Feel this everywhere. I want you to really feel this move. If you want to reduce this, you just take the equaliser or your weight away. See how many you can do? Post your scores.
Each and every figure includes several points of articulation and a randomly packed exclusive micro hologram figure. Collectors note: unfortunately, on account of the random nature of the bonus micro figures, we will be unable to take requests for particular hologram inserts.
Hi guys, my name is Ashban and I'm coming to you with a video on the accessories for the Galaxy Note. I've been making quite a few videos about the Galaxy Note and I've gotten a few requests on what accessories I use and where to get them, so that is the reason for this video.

******************************

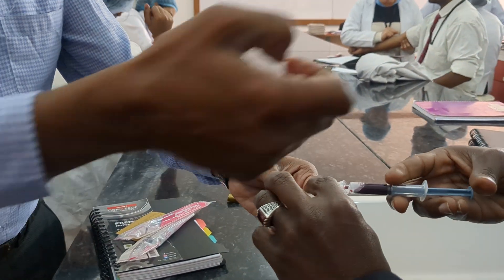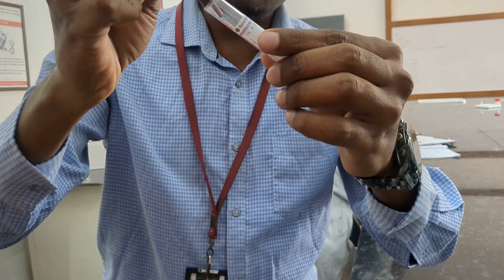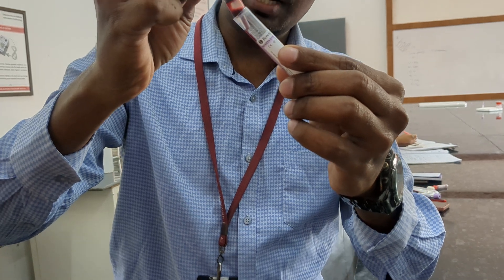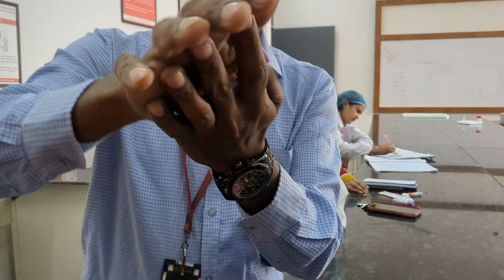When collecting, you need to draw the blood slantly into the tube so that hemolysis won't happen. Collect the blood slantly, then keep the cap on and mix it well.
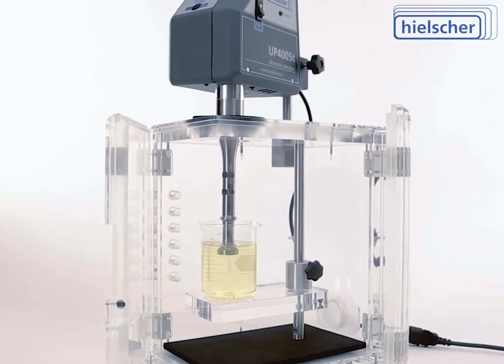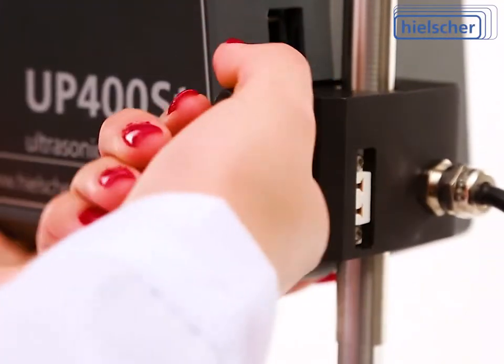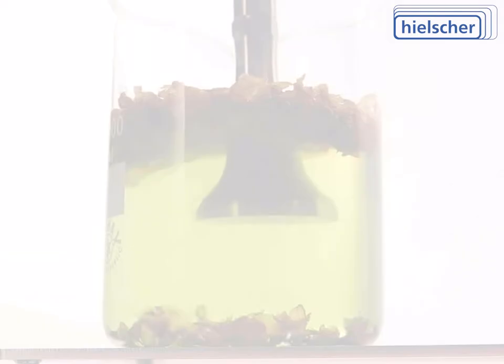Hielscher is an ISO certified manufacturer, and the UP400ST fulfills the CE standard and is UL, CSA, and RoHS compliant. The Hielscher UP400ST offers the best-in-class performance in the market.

******************************

WHAT NEEDS TO BE DONE
Excluding any pictures, print exactly the lines of the listing above from the line with "When collecting, you" to the line with "Hielscher is an", both ends included.

TASK RESPONSE
When collecting, you need to draw the blood slantly into the tube so that hemolysis won't happen. Collect the blood slantly, then keep the cap on and mix it well.
Hielscher is an ISO certified manufacturer, and the UP400ST fulfills the CE standard and is UL, CSA, and RoHS compliant. The Hielscher UP400ST offers the best-in-class performance in the market.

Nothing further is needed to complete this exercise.